Since Bun is relatively new as of my knowledge cut-off in March 2023, make sure to check the official Bun.sh website for the latest installation instructions and features.

  1. Install Bun: Follow the instructions on the Bun website or GitHub repository for installation steps.
  2. Initialize Bun in Your Project: In your WordPress theme directory, run:
    bun install

    Bun will create a bun.lockb lockfile. This should be committed to your source control.

  3. Migrate Scripts: Update your package.json scripts to use bun commands. Since Bun prides itself on compatibility, many npm commands are similar, for instance:
    "scripts": {   "build": "bun run build" }
  4. Test Your Setup: Ensure all scripts work as expected with Bun. Due to its compatibility goals, most npm commands should work directly with Bun.
  5. Update CI/CD Pipelines: If you’re using continuous integration and deployment pipelines, update the commands there to leverage Bun.
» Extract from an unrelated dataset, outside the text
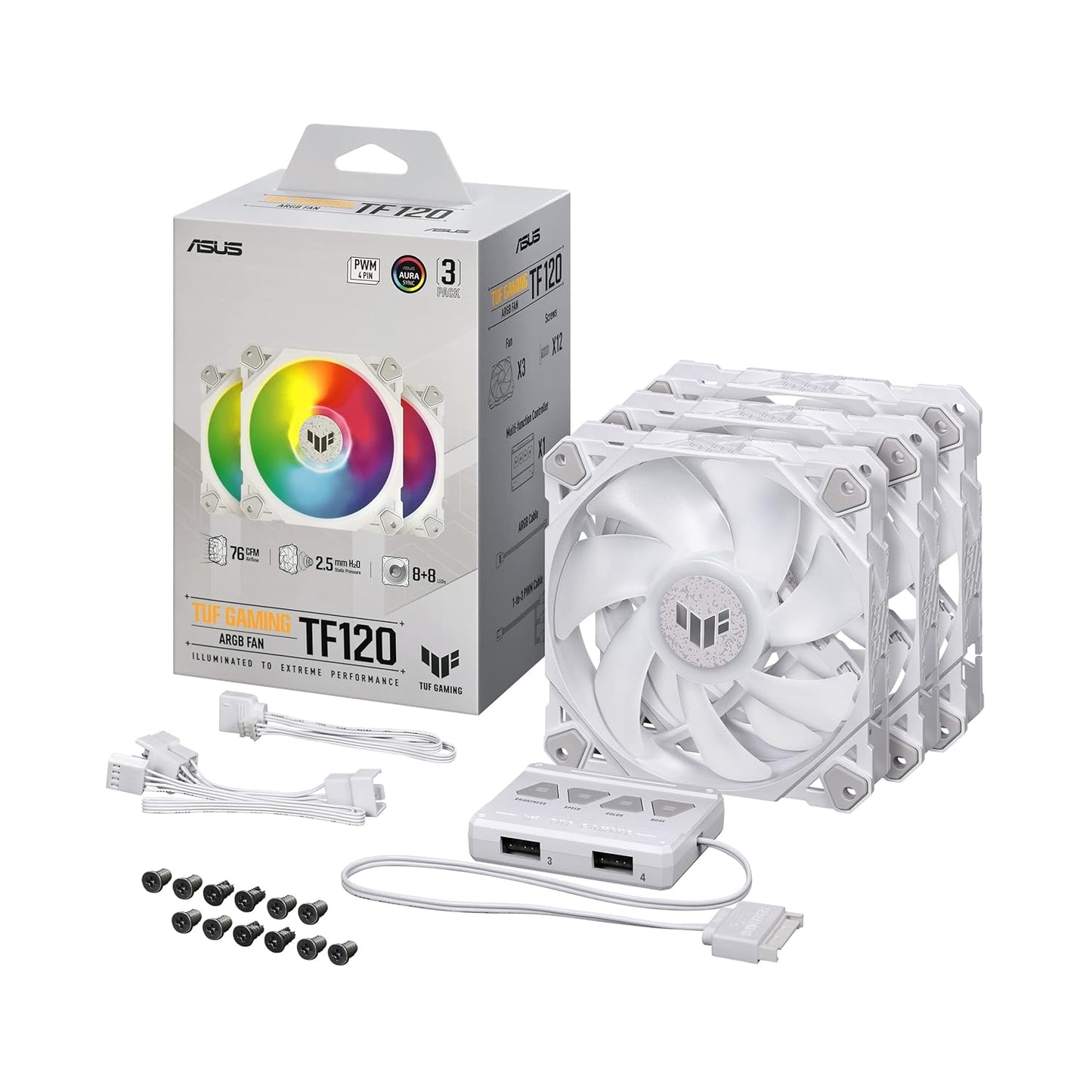 ASUS TUF Gaming TF120 ARGB White Edition Fans for Optimal Cooling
For example, change npm install to bun install.

Profiting from the Switch

After switching to Yarn or Bun, you'll likely notice faster installation times and more reliable builds. This can significantly accelerate your WordPress development cycle, especially when you frequently deploy changes or manage multiple environments.

It's important to thoroughly test your deployment process after switching to ensure that everything works seamlessly. You might find that your CI/CD pipelines execute faster and with fewer errors, which is essential for agile development and continuous deployment models.


Both Yarn and Bun offer compelling reasons to make the switch from npm, with performance improvements and additional features being at the forefront. Depending on your project's needs, you may find one to be a better fit than the other. Remember that adopting new tools should always be balanced against the specific needs of your project and team. Once you've made the switch, monitor your deployments to ensure you're realizing the expected benefits and adjust as necessary.